Once she was gone, Brooke popped up, said nothing about the verbal squabble and went back to being her normal self. Like always. I had come to know and expect this.
“I’ll be right back,” she said, and disappeared upstairs and out of sight as I turned up the music. She returned with the Tiffany Blue crate full of bottles, lotions and tools that usually sat on the bottom of her bathroom shelf.
The first thing she did was slather some horrid oil in my hair and wrap it up in a little terry-cloth turban. The second thing she did was pop a bottle of champagne.
“I had Aiden get one of his friends to bring us some bubbly. I think it’s necessary.”
I laughed and took the glass she handed me.
“Now,” she said. “You might want to down that first glass.”
“Oh, no, why...?” The thought of drinking again made my stomach turn, but as always, I had trouble saying no to her. She was the only person who consistently had this effect on me.
“Because this mask is going to burn a little.”
It did. The next seven processes we did were equally uncomfortable. There was so much burning, tingling, plucking, pulling...and so therefore quite a few refilled glasses. I chucked two of them in the sink when she wasn’t looking.
“All right, now on to the last portion.”
“I’m dying to know why we’re wearing your freshman-year bikinis, Brooke.”

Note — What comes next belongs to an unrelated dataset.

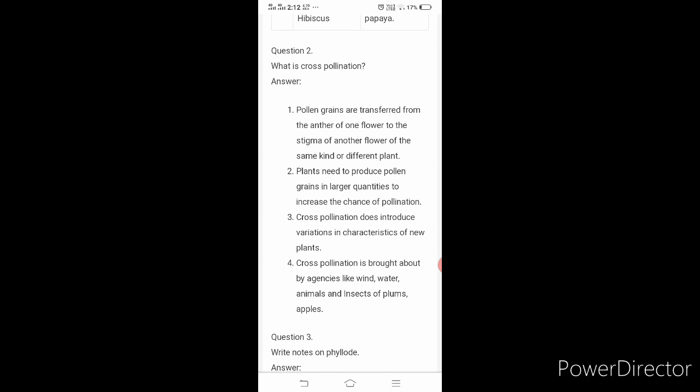Second point: plants need to produce pollen grains in larger quantities to increase the chance of pollination. In self-pollination, the plant has both andricium and gynecium so only a small quantity is needed. But in cross-pollination, pollen grains from one plant must be transferred to another, so larger quantities are needed. Third point: cross-pollination does introduce variation in characteristics of new plants. The new plant will have new characteristic properties.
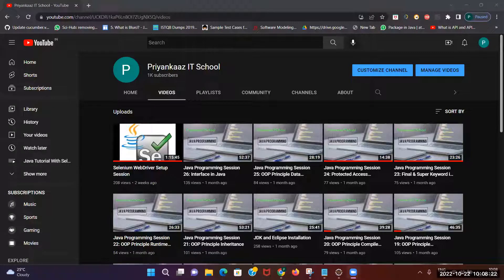Hello everyone, this is Priyanka. Welcome to my channel Priyanka's IT School. Today I'm going to start with one more session on Selenium — how to set up Selenium WebDriver on Firefox browser.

“Because!” She pulled a screw-top tub of nasty greenish-brown stuff from the blue crate. “Come on over.”
“What is that?”
“It’s, like...seaweed and oatmeal and honey and chamomile and about forty other things. Come here, I have to slather you!”
I took a few timid steps, and she took a handful and laid it on my bare stomach.

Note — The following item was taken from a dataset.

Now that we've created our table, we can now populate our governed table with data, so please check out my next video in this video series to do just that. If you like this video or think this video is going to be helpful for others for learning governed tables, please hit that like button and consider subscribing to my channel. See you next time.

“Oh, my God, that is gross.”
“It really is.” She spread it around, grimacing. “But it’s worth it! Because—and I’m really sorry this is how it is—boys like girls who are put together.” She gave a what can I say? shrug. “What do you want to be? Do you want to be a Pretty Girl with a capital P and a capital G? Or just a regular ol’ pretty girl?”
“I mean, I guess...the first one?”
“Well, there are a couple of things you have to be before you can be a Pretty Girl. I’m not saying you should slab on the makeup until you end up with a three-layer cake on your face, but you have to take extra-special care of yourself. You don’t end up with skin that is the softest he has ever felt by using a regular soap bar and nothing else. Or hair that is so shiny that he wants to reach out and touch it, and find out if it really is as smooth as it looks.
“You don’t end up with lips he longs to kiss again and again when you don’t slough them off with a sugar scrub every once in a while. When he imagines you, he should think of every sensation of you before he remembers how you look. How you sound when you laugh at a joke he makes, how your soft, sun-kissed shoulder feels in his calloused hand, how your lips taste like sugar and how when you get just close enough to him, he can catch a slight breeze of you and he’ll always remember that you smell like flowers and sunshine.” She finished covering me in the mud, looking nonchalant, as if she hadn’t just recited words that could have carried a whole ad campaign.
I gawked at her. I had never heard her be so profound, had never had so much insight into how she became the glistening goddess she was. “Wow, Brooke.”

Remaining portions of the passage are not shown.